Homeowner Joan Gilgannon told CBS 2 the sidewalk renewal was shoved down the community’s throat without a public hearing.

“I called the town of Hempstead, Mangano’s hotline, I talked to someone in the Department of Public Works and he said, ‘Nothing you can do, you can’t stop it,’” Gilgannon said.

Residents say removing the trees is destroying the look and feel of the community, but some, like resident Angie Steinberg, understand. Steinberg welcomes the rebuilding and says injury is only a step away.

“I pay enough taxes. They should be fixed and people are going to get hurt,” Steinberg said.
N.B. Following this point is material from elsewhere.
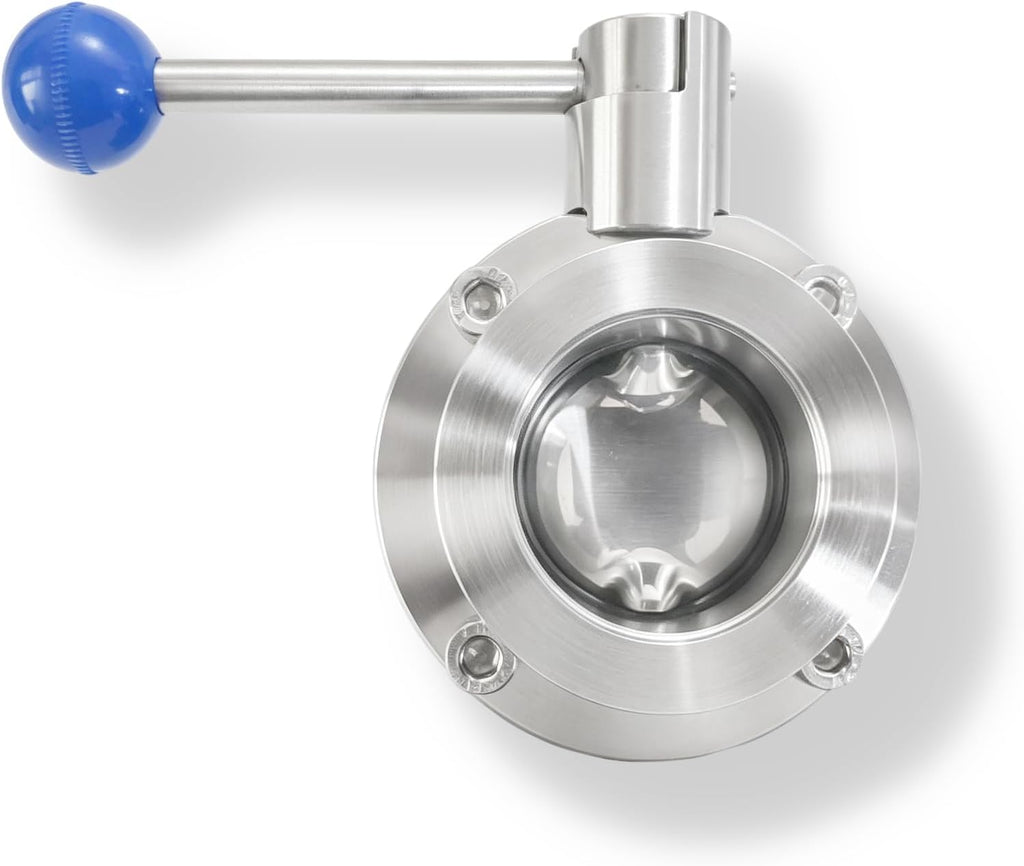 KF25 Vacuum Butterfly Valve 304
But as McLogan reported, some residents wonder why the sidewalks can’t be repaired without removing the trees that some said offered their homes protection from speeding cars unable to negotiate the street’s curve.

The county said new trees will be planted in the fall to replace the ones being removed, CBS 2 reported.

CBS 2 has not heard back from Nassau County about how much the removal, replanting and sidewalk repairs will cost taxpayers.